Mentron vs. Anki: Anki is an excellent standalone tool for self-directed learners. It has no LMS integration, no outcome mapping, no faculty analytics, and no AI content pipeline. Mentron connects FSRS to grades, outcomes, and educator insight. For solo learners, Anki remains a strong free option. For structured academic or corporate programs, Mentron's integrated workflow adds a measurable layer of accountability.
How to Deploy FSRS Flashcards in Mentron
- Upload course material — Add PDFs, lecture slides, or existing notes to your Mentron course.
- Generate flashcards — Use the AI content tools to auto-generate a flashcard set, specifying Bloom's level (K1–K6) and targeted Learning Outcomes.
- Review and publish — Preview generated cards, edit for accuracy, then publish to the student cohort.
- Monitor via Analytics — Track per-LO recall rates on the Analytics Dashboard. Surface struggling outcomes within the first two weeks.
- Adjust course pacing — Use FSRS performance data to decide where to revisit content, slow down delivery, or add supplementary material.
Students receive a personalized daily queue automatically — no manual scheduling, no decision fatigue about what to study.
Conclusion
FSRS flashcards represent the most evidence-based leap forward in digital learning science since the spacing effect was first formalized. By replacing SM-2's static ease factors with a personalized DSR memory model trained on hundreds of millions of real reviews, the FSRS algorithm delivers equivalent retention with ~25% fewer reviews — a compounding efficiency gain that adds up to hours saved per semester.

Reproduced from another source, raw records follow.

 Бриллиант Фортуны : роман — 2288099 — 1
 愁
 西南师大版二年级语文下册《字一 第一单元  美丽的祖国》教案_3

For educators, the deeper value comes from connecting FSRS to structured learning outcomes. Mentron AI LMS is one of the few platforms that implements FSRS natively within a full LMS workflow — tying flashcard recall data to course outcomes, faculty analytics, and an AI content generation pipeline. Whether you're building a study system for a university anatomy course, a corporate compliance program, or a K-12 exam prep module, FSRS gives every learner a smarter, more personalized path to durable memory.

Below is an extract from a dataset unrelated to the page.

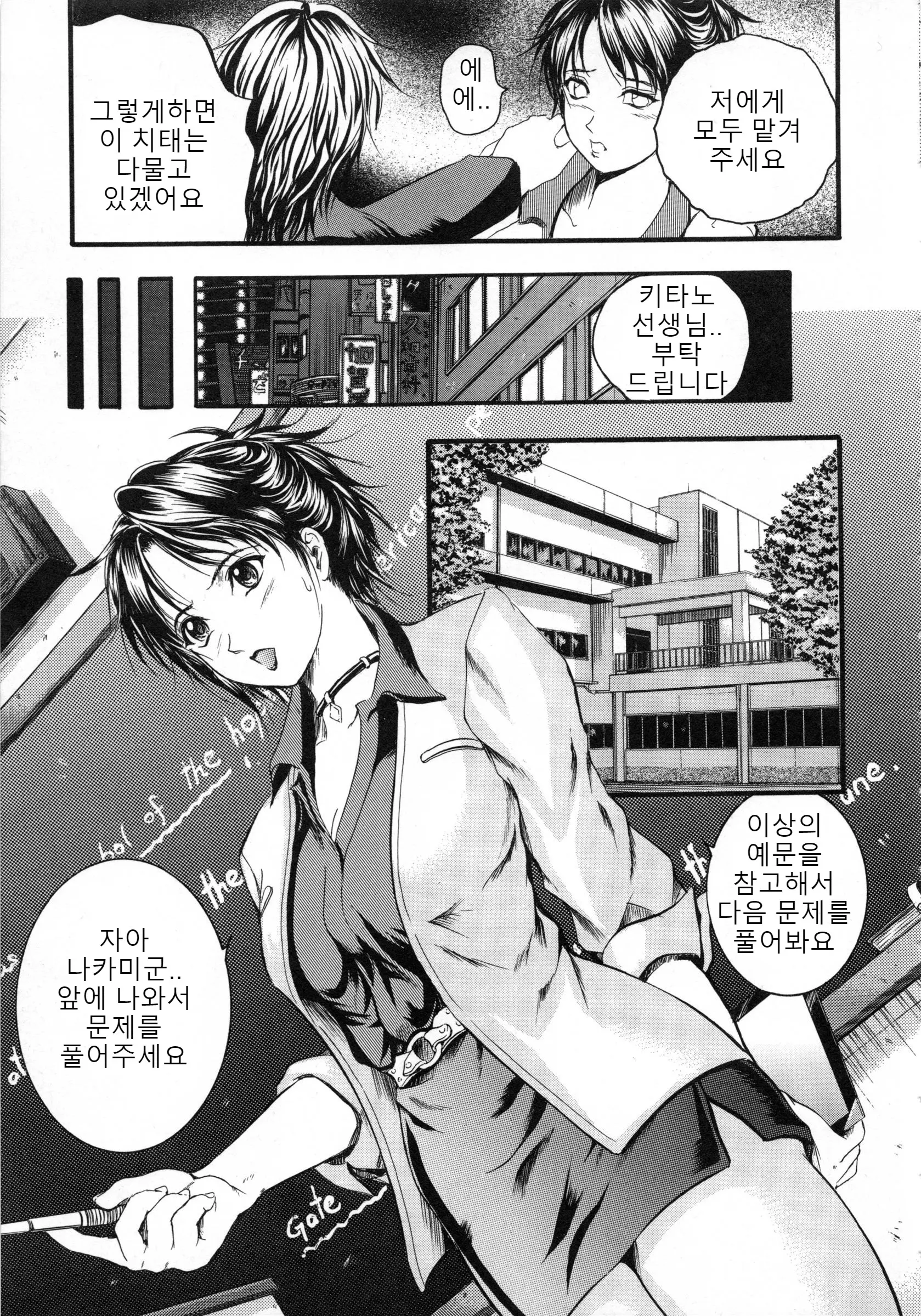 웹툰 이미지 88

Ready to bring FSRS-powered flashcards into your course? Start your free Mentron trial and explore the full student learning toolkit →
Frequently Asked Questions
What does FSRS stand for?
FSRS stands for Free Spaced Repetition Scheduler. The "free" refers to flexibility: the algorithm allows reviews in advance or with delay, adapts to each user's personal memory patterns, and runs entirely locally — unlike cloud-dependent scheduling systems.

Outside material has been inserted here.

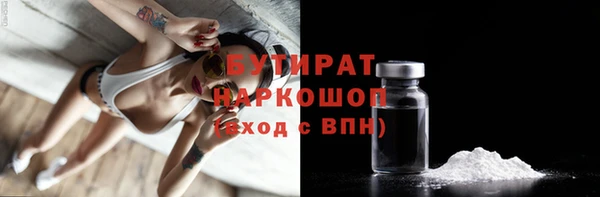 альфа пвп VHQ Белоозёрский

How is FSRS different from the SM-2 algorithm used in Anki?
SM-2 uses a fixed formula based on an "ease factor" and applies identical scheduling to every user. FSRS uses a machine-learning model trained on 700 million real reviews to predict forgetting for each individual card and learner, with a configurable desired retention target and no ease hell problem.
Do I need a lot of review data before FSRS starts working well?
FSRS works from the first review using community-derived default parameters. Full personalization — where the optimizer recalibrates to your specific memory patterns — typically kicks in after approximately 1,000 reviews, per FSRS documentation. Before that threshold, FSRS still performs more accurately than SM-2 defaults for most learners.
Can teachers use FSRS flashcards in Mentron without technical knowledge?
Yes. Mentron's AI generates flashcards automatically from uploaded course materials. Faculty select the Bloom's level and Learning Outcomes they want to target, review the generated cards for accuracy, and publish — no algorithm configuration or technical setup required.
Is FSRS suitable for all subjects?
FSRS works best for recall-heavy content: vocabulary, formulas, anatomical terms, legal definitions, historical dates, and factual frameworks. It's less suitable for purely procedural practice (e.g., multi-step math derivations), though it effectively reinforces the conceptual knowledge underlying those skills.